Thank you very much, Bormod. Let's go over to the summary of the quarter. We have had high activity, with a turnover of 7.8 billion, a operating profit of 406 million, which gives a operating margin of 5.2%, and a profit before tax of 398 million, which gives a profit margin of 5.1%. We have had an order entry of 7.7 billion kroner and an order reserve of 44.4 billion kroner. The board has received an additional exchange rate of 4 kroner per share in November. The sum of the development in the security performance combined with strong cash flow and margins above our margin requirement makes us very happy with this quarter. We will continue to work with what we have faith in and see work. We will continue to choose the right project, organize robustly, provide good project management combined with high professional competence and risk management, pay attention to the money, and last but not least, pay attention to our people. And with that, we conclude this presentation. And I ask Tormod and Anni, our financial director, to come up on stage. And then we are available for questions, as long as there are some of them.
Good morning, Bengt Jonasson, ABG. If I can start with a question about the cost of building, where you describe a real increase of 37% and 2% in Sweden, basically, due to some changes in customer needs, environmental energy requirements and other technical regulatory requirements. If you were to try to What is the most important? Is it the customer's needs or the regulatory requirements?
I think it is difficult to distinguish what has contributed the most. But we see that the requirements that have been set in TEKKEN and other such requirements is significantly different in Norway than in Sweden, because we operate in both countries. And we also see that the quality that we build in Norway, they have much higher architectural quality and standards in Norway than the slightly simpler homes that are built in Sweden. So I think it's a bit difficult, or we don't have exact numbers of what contributes the most, we don't.
A general question, if we were to describe a market now, compared to a year ago, maybe at the segment level, construction, construction and so on, do you think the market is changing? Is the image of an actor changing? Is the price pressure changing?

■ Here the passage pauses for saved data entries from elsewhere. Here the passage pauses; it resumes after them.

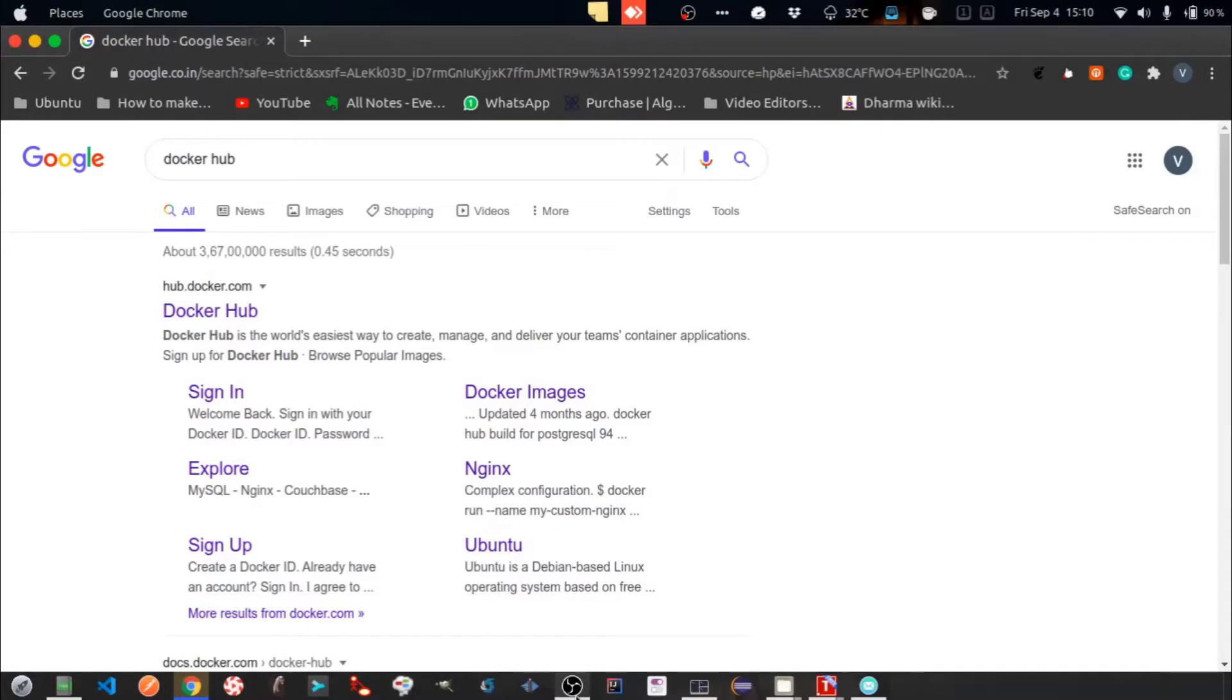Hello folks, today we are going to see Docker Hub. Docker Hub is a repository service for maintaining your Docker images.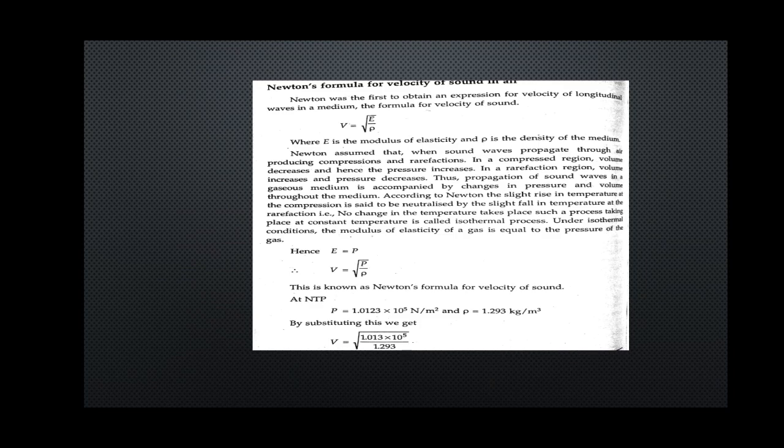Newton-Laplace formula was accepted. The question for six marks: explain Newton's formula for velocity of sound and explain Laplace's correction. Both explanations carry six marks.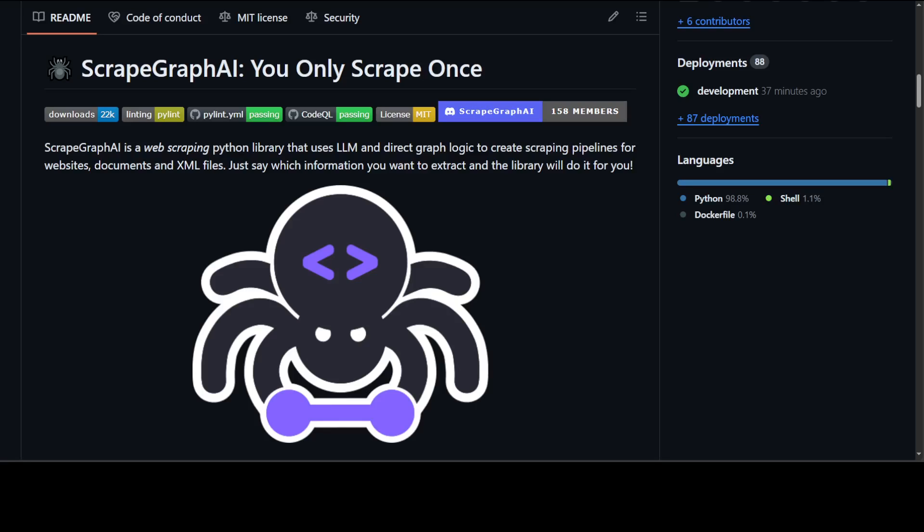It also allows you to have direct graph logic that uses a graph-based approach to dynamically create scraping pipelines. It processes user-defined prompts to intelligently retrieve specified data, and that specified data which you want can be in natural language. It integrates LLMs to interpret user inputs and automate data extraction, reducing the need for manual coding.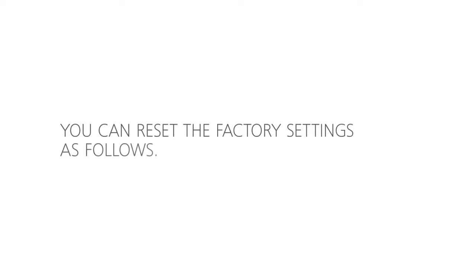If you are not sure what changes have been made in the mixer settings, you can reset the factory settings using the magnetic key as follows.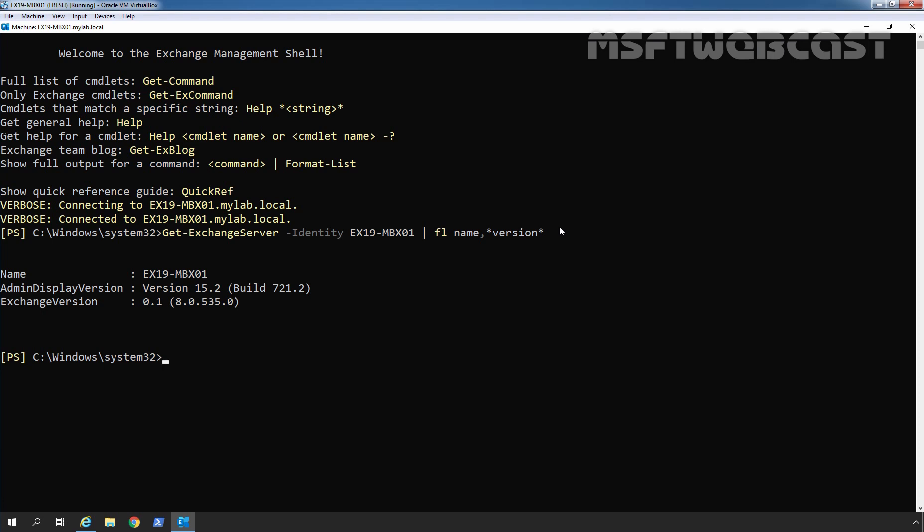In this way, we can install cumulative update 7 to update Exchange 2019 installation. Thank you all for watching this video. Have a nice day.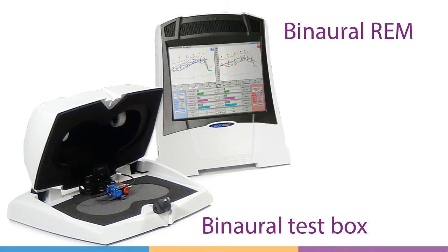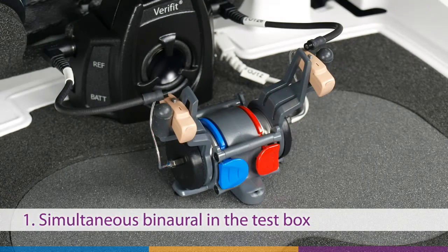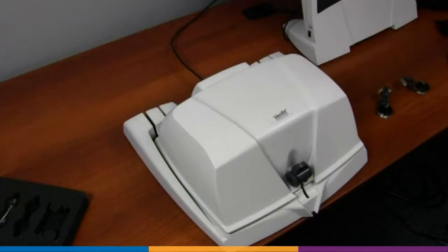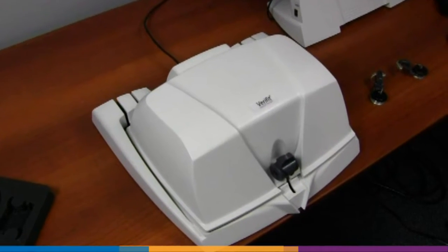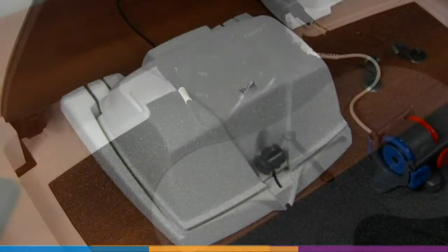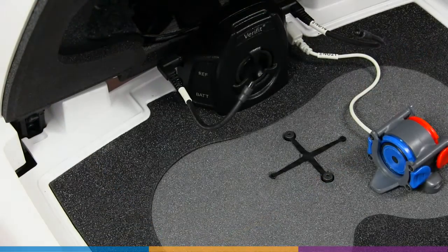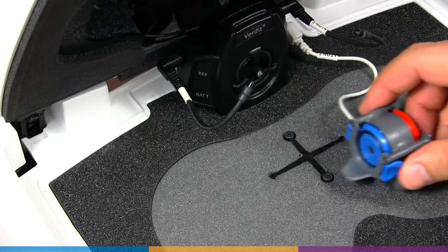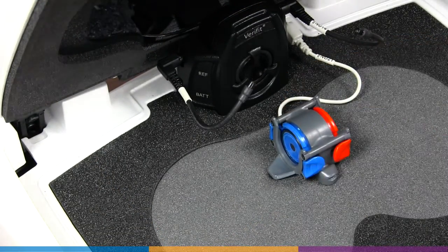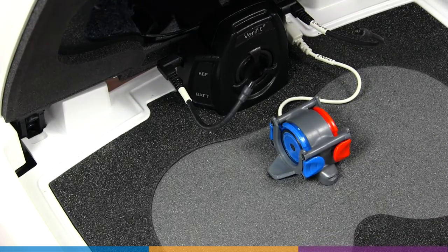The Verifit2 test box features two microphone sets and the ability to couple instruments in pairs. As the binaural coupler microphone is self-centering within the near field of the sound source and contained within an acoustically treated test box, a symmetrical sound field is easy to provide.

I would rather say that the activity level remains low in a number of segments. There may be some positive signals here and there, but we dare to talk about it in the medium term, because it is incredibly difficult to predict in the future.

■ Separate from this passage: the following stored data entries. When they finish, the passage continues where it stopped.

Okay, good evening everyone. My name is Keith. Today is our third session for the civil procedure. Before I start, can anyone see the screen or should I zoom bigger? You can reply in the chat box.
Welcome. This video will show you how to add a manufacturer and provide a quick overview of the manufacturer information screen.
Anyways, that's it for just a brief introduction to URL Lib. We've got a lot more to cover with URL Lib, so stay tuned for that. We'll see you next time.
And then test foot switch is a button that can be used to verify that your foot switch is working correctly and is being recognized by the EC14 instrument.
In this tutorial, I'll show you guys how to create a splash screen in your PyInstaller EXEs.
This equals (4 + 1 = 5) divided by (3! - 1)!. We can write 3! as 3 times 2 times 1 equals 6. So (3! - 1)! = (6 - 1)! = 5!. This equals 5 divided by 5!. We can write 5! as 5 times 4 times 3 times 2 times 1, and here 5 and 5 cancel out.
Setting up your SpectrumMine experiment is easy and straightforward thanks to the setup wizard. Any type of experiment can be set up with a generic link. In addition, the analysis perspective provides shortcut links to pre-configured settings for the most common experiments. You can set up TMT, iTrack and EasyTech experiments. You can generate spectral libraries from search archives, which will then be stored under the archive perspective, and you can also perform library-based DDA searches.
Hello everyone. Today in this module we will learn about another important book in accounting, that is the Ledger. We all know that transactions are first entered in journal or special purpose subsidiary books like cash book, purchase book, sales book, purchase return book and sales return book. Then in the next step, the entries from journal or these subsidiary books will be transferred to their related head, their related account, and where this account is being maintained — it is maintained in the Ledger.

If we were to play the question in another way, how do you experience the pipeline of things to count on? Is there something that stands out, or is it a little weaker now than it was, for example, when we started?
We have very high supply activity, and that is the public sector, and then there is power and defense, which are customer segments that have... which have the strength to carry out projects now. Now I'm talking very roughly and big lines.
On a segment level, we know that you have had a larger contract outside of offshore, which has loaded the account with a few hundred million over the last few years. Status on that now in relation to expected completion?
It is a project that we have informed about earlier. It was about a year before it sank, and we expect it to be completed over the next few quarters. We expect it to have a normal project risk-outfall per day, but there is still room for our projects, given the way we look at risk, which we have been talking about earlier.
So the completion in 2026 is what it says? It is over the next few quarters.
Other questions? Two digital questions.
Hi Dag Eide, shareholder. Short question to the right. What is the difference between exhaust-free and fossil-free? I understand that the difference is probably in the name, but what makes it such a big cost difference?
On fossil fuel, we can use many of the same machines, modern machines, but with bio-diesel. On the other hand, all machines must be electric. And if it's 100%, then it's from... spinning and peeling, which is very demanding to get to good operation with electric machines, to small machines that we use, which are much easier to get to. So that's the main difference, and one of the things that drives the costs is that it takes much longer to build, so it's the building time that increases, and the cost with increased building time is a big driver for that cost.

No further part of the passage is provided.